Texai - The Year in Review 2007
As we close 2007, it is a good time to review this year’s project milestones on the path to creating artificial intelligence.
- In January 2007, I released a KB Reference Manual describing the then current MySQL KB implementation. At that time the preliminary merge of the OpenCyc content, with WordNet, and the CMU Pronouncing Dictionary was complete and the KB grew to over 10 million statements.
- My paper, Semantic Annotation for Persistence was accepted for publication at the AAAI-07 Workshop for Semantic E-Science in Vancouver, Canada.
- In February 2007, I completed the extraction of structured content from the Wiktionary English Lexicon, which increased the MySQL KB to approximately 15 million statements.

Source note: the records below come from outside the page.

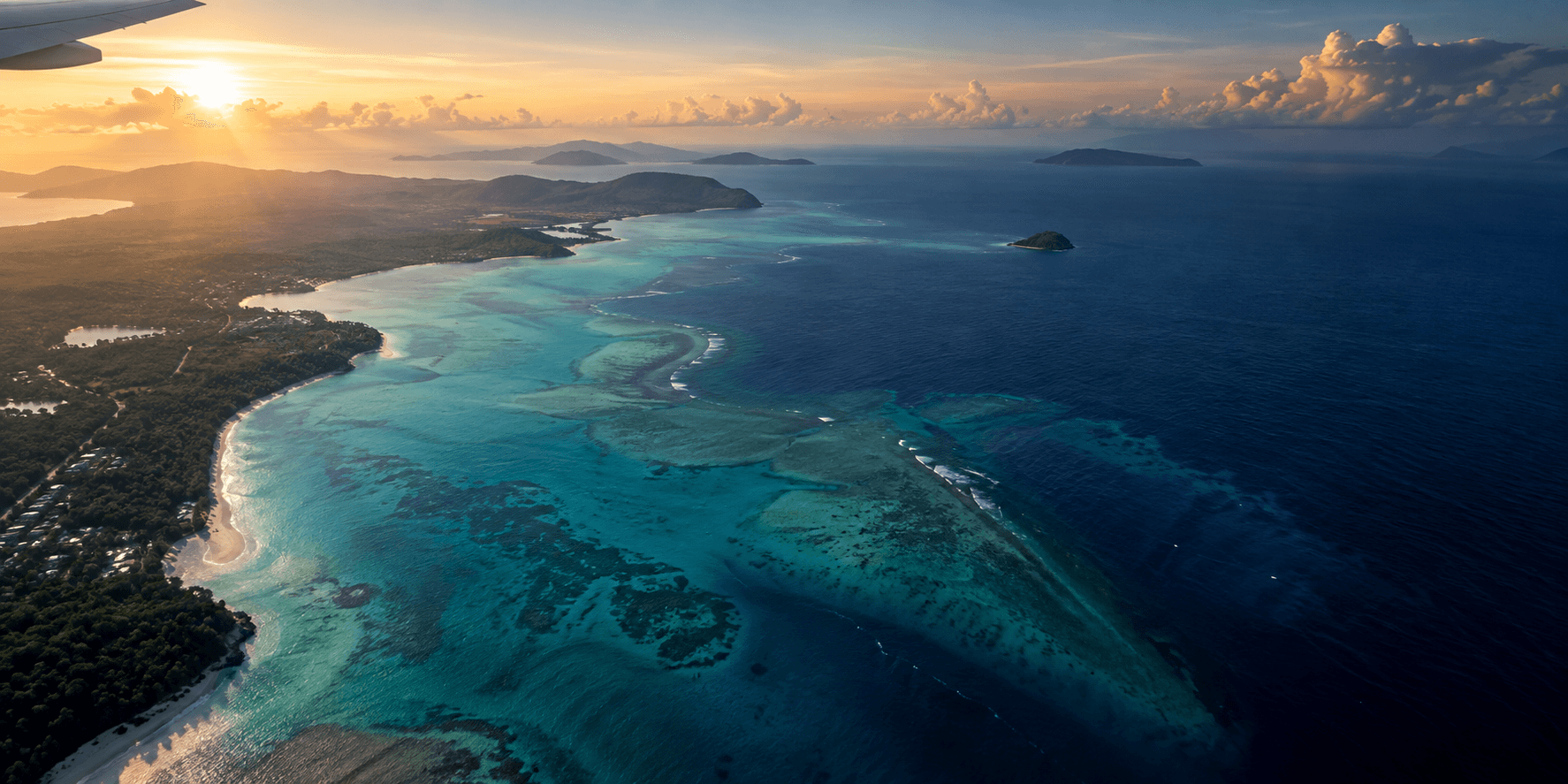 Aerial view of a tropical coastline and turquoise sea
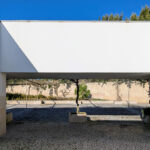 Álvaro Siza Vieira's Commercial Area at Bom Sucesso Resort showcasing a modern design with composite material, concrete structures, daylighting features, and a driveway with flagstone and tile elements.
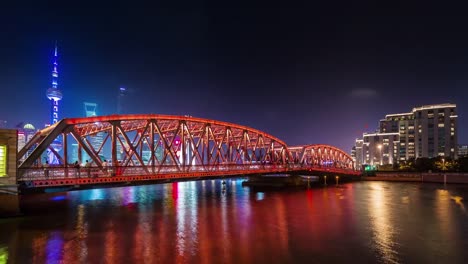 iluminación-nocturna-de-China-Shangai-panorama-de-puente-Bahía-de-río-centro-ciudad-4k-lapso-de-tiempo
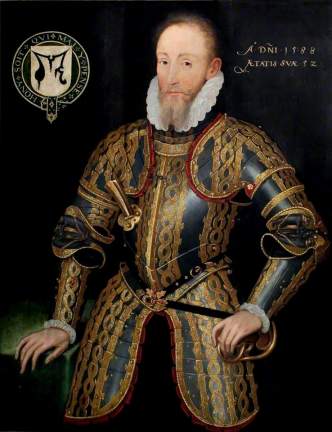 A portrait of a white man wearing decorated armour. It is black with a gold pattern. The background is plain black. His right hand is leaning on a table.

- Inspired by Dr. Jerry Ball’s publications on Double R Theory, I was led to study both Construction Grammar and Walter Kintsch’s Construction / Integration theory of reading comprehension. For the latter I wrote a Java class that duplicates the spreading activation result of Kintsch’s worked out example from his book.
- I wrote a simple dialog use case in which the user says “hello” to the dialog system via a Jabber compatible Smack API. Because there was no existing Java construction grammar implementation, I wrote my own that could handle the use case. I decided to create a Texai Lexicon that would support my grammar, and began merging the lexical entries from OpenCyc, WordNet, The CMU Pronouncing Dictionary, and Wiktionary. Ultimately this effort would take the KB over 20 million statements. I became concerned as the MySQL KB implementation began to slow down during the conversion of the Texai Lexicon.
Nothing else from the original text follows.